EXERCISE AIM
Each entry should be printed exactly, with its images omitted.

++++++++

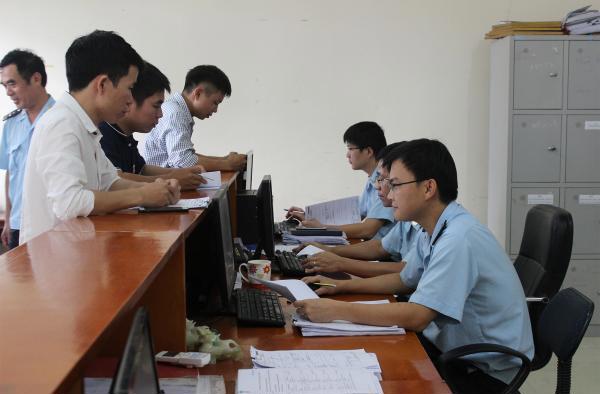 Công chức Chi cục Hải quan cửa khẩu cảng Vũng Áng (Cục Hải quan Hà Tĩnh) hướng dẫn DN làm thủ tục hải quan. Nguồn: PV.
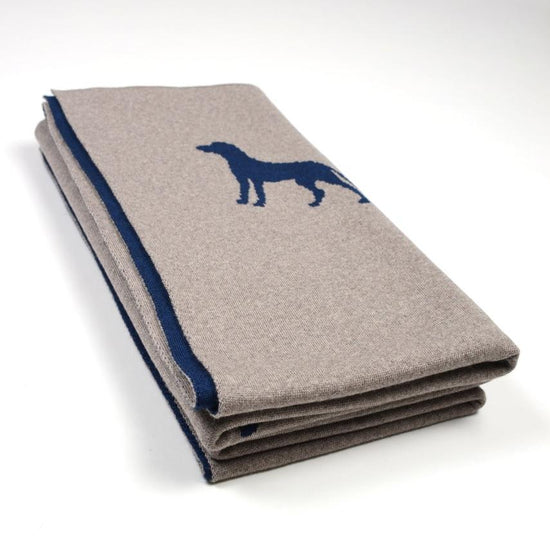 Decke 140x180cm Dogs, beige/dunkelblau - Lenz & Leif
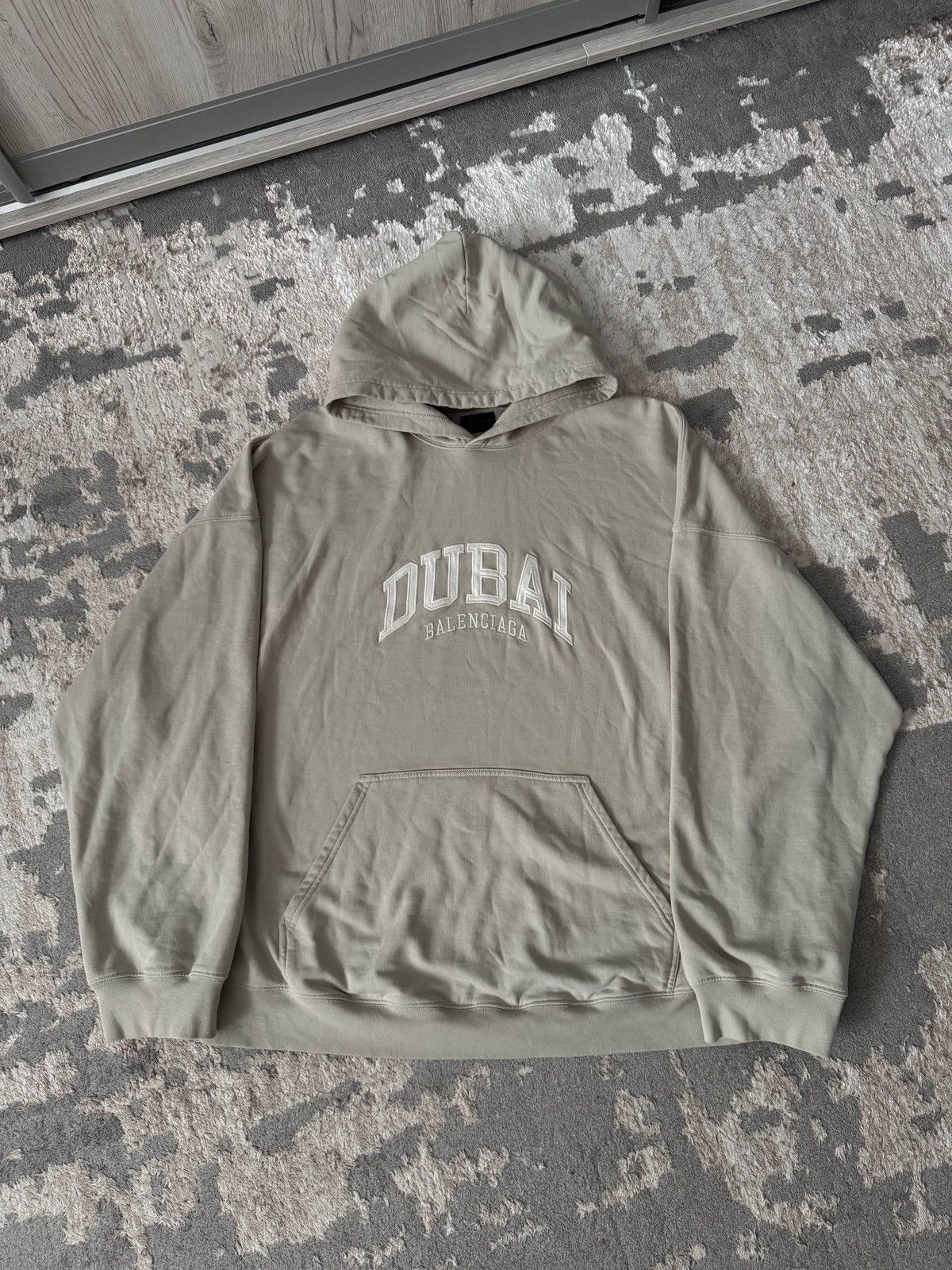 Balenciaga Balenciaga Cities Dubai Wide-fit Hoodie Size US L / EU 52-54 / 3 - 1 Thumbnail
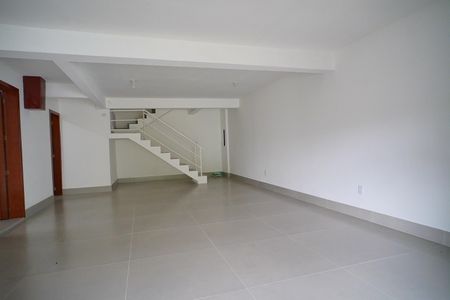 Casa à venda com 290m², 5 quartos e 3 vagas Casa à venda com 290m², 5 quartos e 3 vagasGaragem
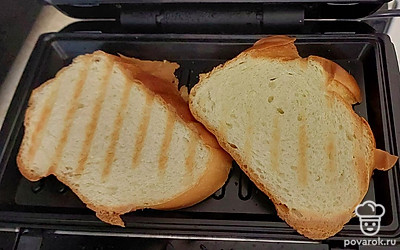 Поджариваем хлеб (в тостере или мультипекаре).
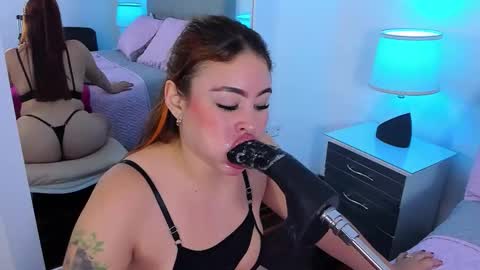 Snapshot of sararendon chatting on 26, 2, 2026 sararendon online show from 26, 2, 2026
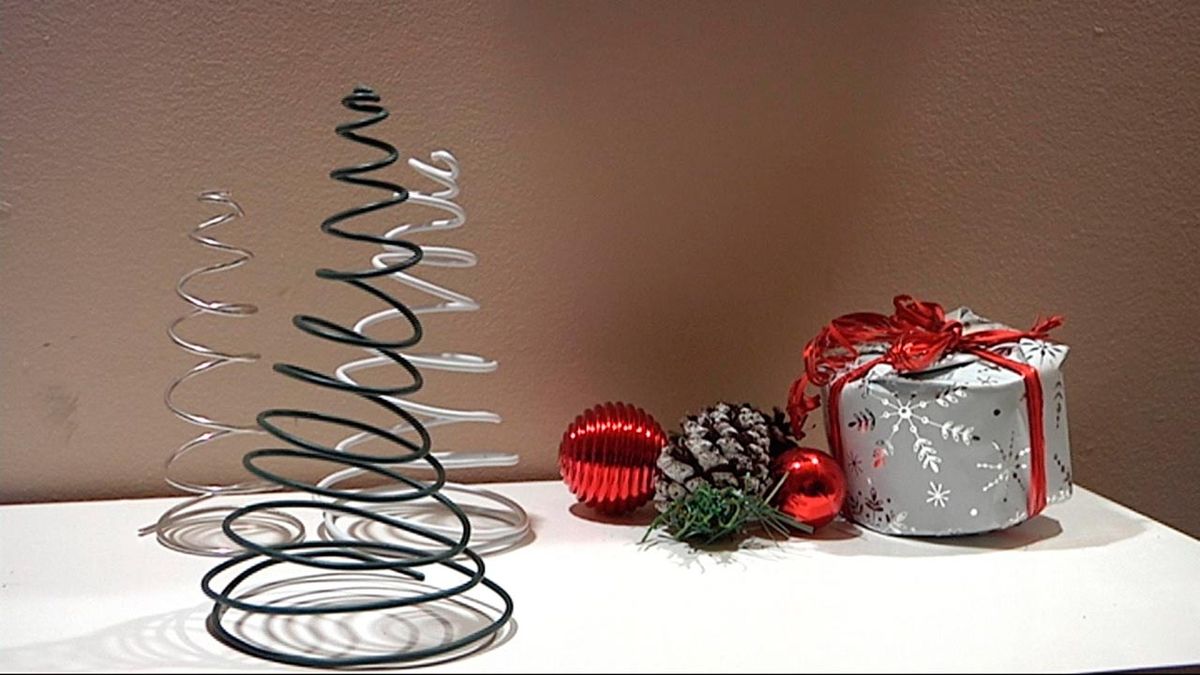 Crear abeto navideño con alambre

++++++++

ANSWER SPACE
 Công chức Chi cục Hải quan cửa khẩu cảng Vũng Áng (Cục Hải quan Hà Tĩnh) hướng dẫn DN làm thủ tục hải quan. Nguồn: PV.
 Decke 140x180cm Dogs, beige/dunkelblau - Lenz & Leif
 Balenciaga Balenciaga Cities Dubai Wide-fit Hoodie Size US L / EU 52-54 / 3 - 1 Thumbnail
 Casa à venda com 290m², 5 quartos e 3 vagas Casa à venda com 290m², 5 quartos e 3 vagasGaragem
 Поджариваем хлеб (в тостере или мультипекаре).
 Snapshot of sararendon chatting on 26, 2, 2026 sararendon online show from 26, 2, 2026
 Crear abeto navideño con alambre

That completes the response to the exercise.